Id. at 1025. The Court recognized that Brown was “unavailable to the Board when he pled guilty and was sentenced, as well as when it received official verification of his conviction.” Id. at 1027 (emphasis in original). Here, Brown is controlling. The record establishes that Sampson was in federal custody before and after his federal sentencing, as well as when the Board received official verification of his conviction. Sampson’s arguments to the contrary that the Board had jurisdiction over him and he was available to the Board at the time of his federal conviction, such that the Board’s failure to invoke its jurisdiction violated the Parole Code and deprived him of due process, is not based in fact or
6 law. As we wrote in Dill, “the Board does not have ‘the power to pluck a Pennsylvania parolee from a federal prison for the purpose of recommitting him as a parole violator.’” Dill, 186 A.3d at 1046 (quotation omitted). As Sampson’s panel revocation hearing was held within 120 days of when he first became available to the Board, Sampson’s timeliness argument lacks merit. Fumea, upon which Sampson relies, is factually distinguishable from Brown and inapposite to the facts now before this Court. Fumea was arrested and indicted by federal authorities while he was on parole with the Board. Fumea, unlike Brown or Sampson, posted bond on his federal charges. Fumea, 147 A.3d at 611. The Board subsequently detained Fumea pending disposition of those charges, but he was released to the community after the expiration of his maximum sentence. Id. A federal jury found Fumea guilty in July 2011, although he remained on bond until his sentencing in November 2011. Id. at 612. Although a Board agent was present at his sentencing and the Board issued a warrant to detain him that same day, the Board failed to take him into custody, and he was instead remanded to the custody of federal authorities. Id. Fumea was released from federal custody in December 2014 and was returned to an SCI. Id.
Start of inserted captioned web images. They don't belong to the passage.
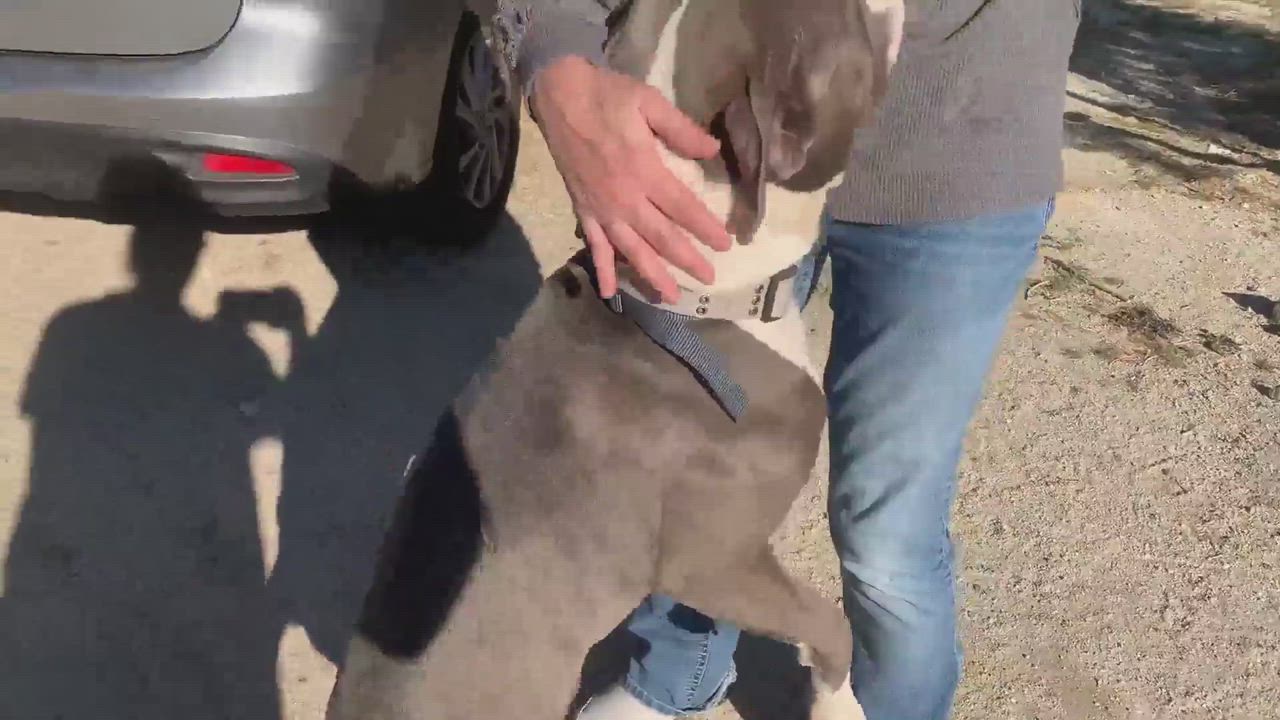 Enlarge Zeus, a Adopted Pit Bull Terrier in Coachella, CA video 6/11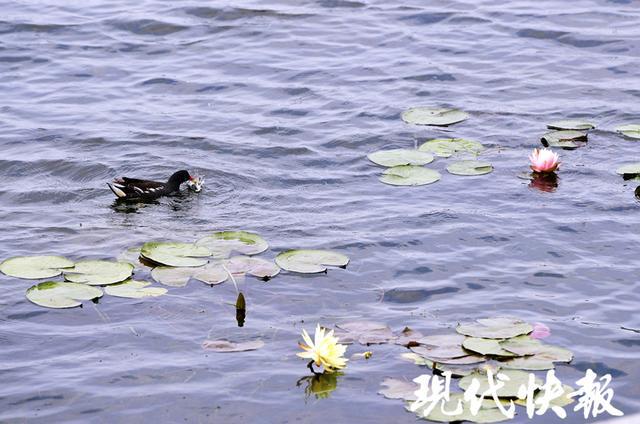 “白露”到“秋老虎”蹦跶的日子没几天了CQ9电子 CQ9传奇(图3)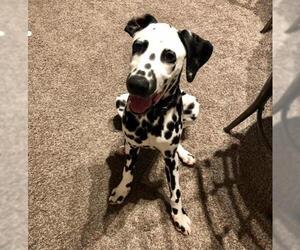 Dalmatian Dogs for adoption in Denton, TX, USA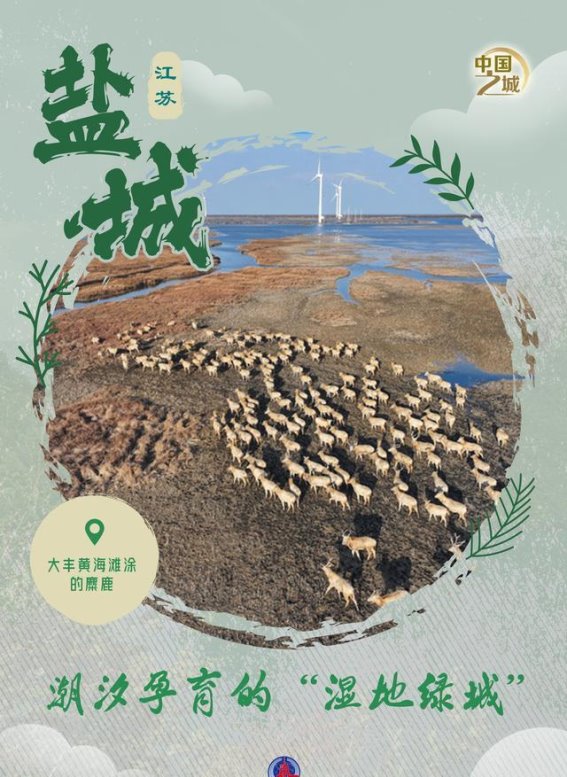 盐城：潮汐之力孕育的湿地绿城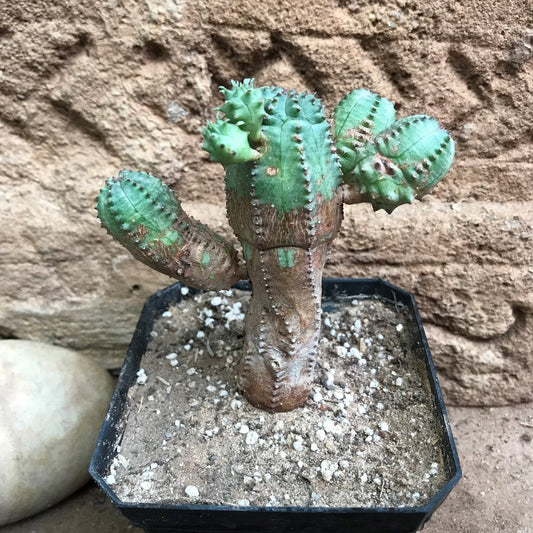  Euphorbia Obesa Hybrid X Globosa Cactus Plant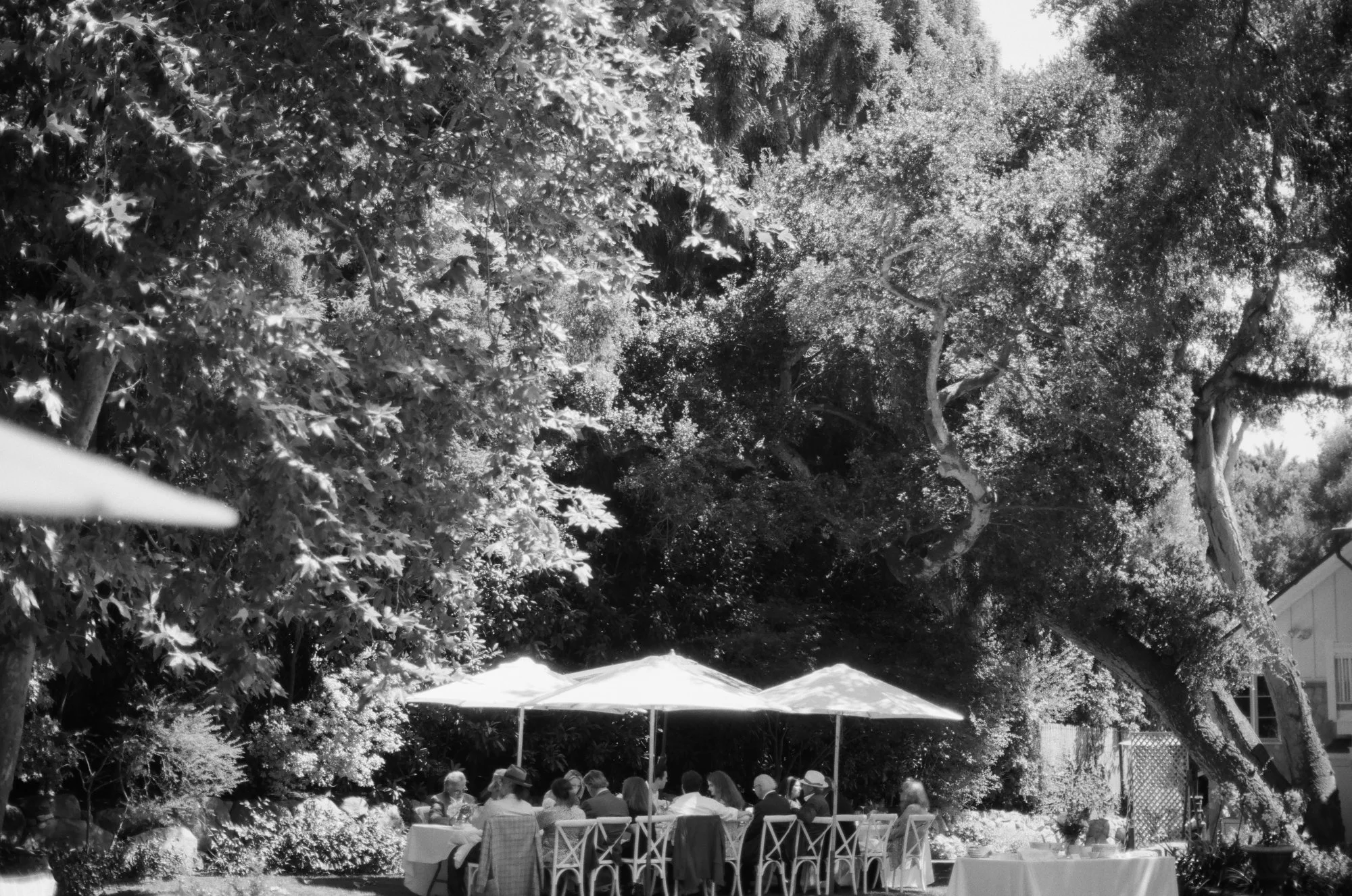 Black and white photo of wedding guests mingling outdoors under trees.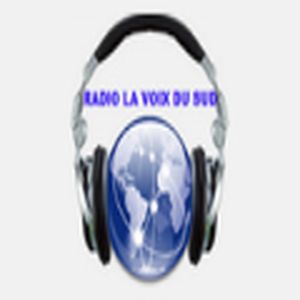 Radio La Voix du Sud Internationale logo
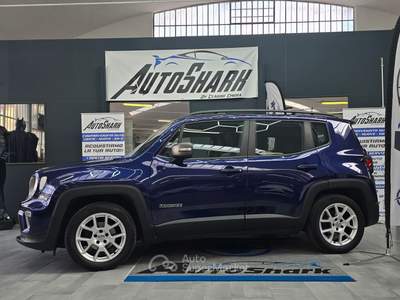 Jeep Renegade JEEP RENEGADE 1.0 T3 BEN/GPL LIMITED 120CV 2020 Blu/Azzurro usata Torino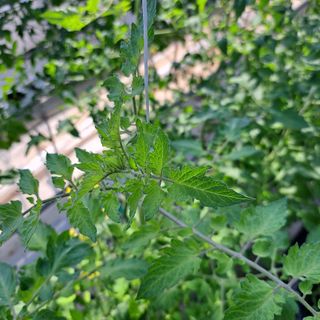 도토리무침님의 토마토 · 병해충상담 작성글 사진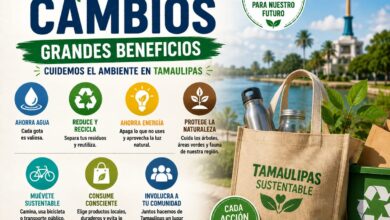 Pequeños cambios que ayudan a cuidar el ambiente en Tamaulipas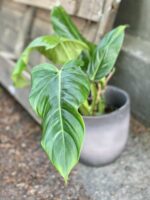 Zdjęcie Philodendron Subhastatum w kategorii rośliny, ujęcie 1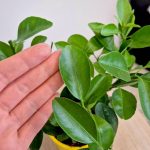 Cytryna Meyera (Citrus limon 'Meyer') 30cm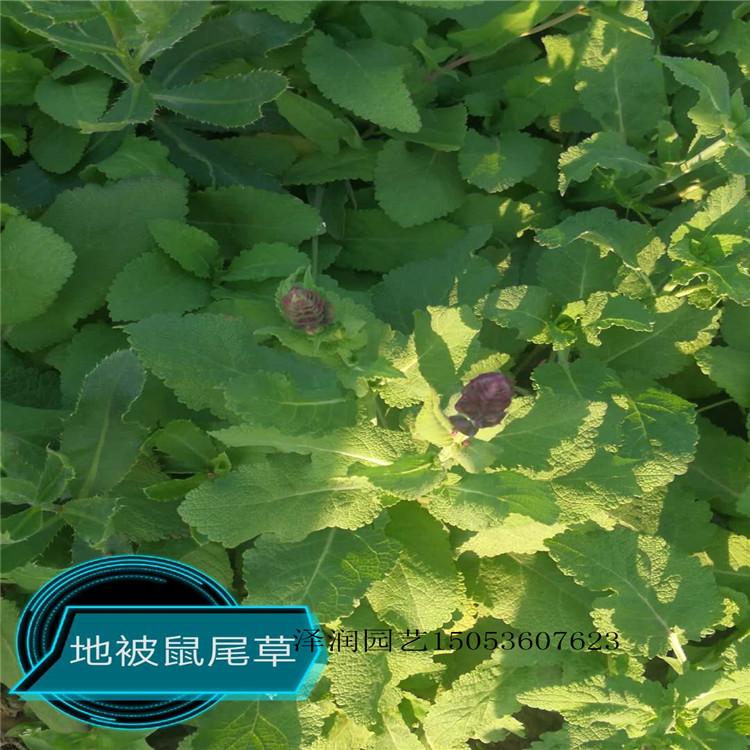 报春 草花批发  天津太阳花价格实惠  量大从优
We held that, despite the expiration of his maximum sentence date, the Board retained jurisdiction to recommit Fumea as a convicted parole violator pursuant to Section 6138(a)(1) of the Parole Code, and, importantly, he became available to the Board upon his conviction in federal court. Id. at 616. This Court in Brown distinguished the circumstances in Brown from Fumea and noted that the Board had “actual knowledge of [Fumea’s] conviction, as evidenced by the agent’s presence at his sentencing hearing,” and that Fumea was not in federal custody from the time of his guilty verdict through his sentencing hearing. Brown, 184 A.3d at 1027. As a result, Fumea was available to the Board
7 at that time, whereas Brown was not available to the Board after his trial. The same distinctions the Court in Brown drew as to Fumea may be drawn between Sampson and Fumea. Thus, Fumea is not applicable here. For these reasons, the order of the Board is affirmed.
__________________________________ STELLA M. TSAI, Judge
8 IN THE COMMONWEALTH COURT OF PENNSYLVANIA
Kareem Sampson, : Petitioner : : v. : : Pennsylvania Parole Board, : Respondent : No. 615 C.D. 2025
ORDER
AND NOW, this 23rd day of March, 2026, the order of the Pennsylvania Parole Board is AFFIRMED.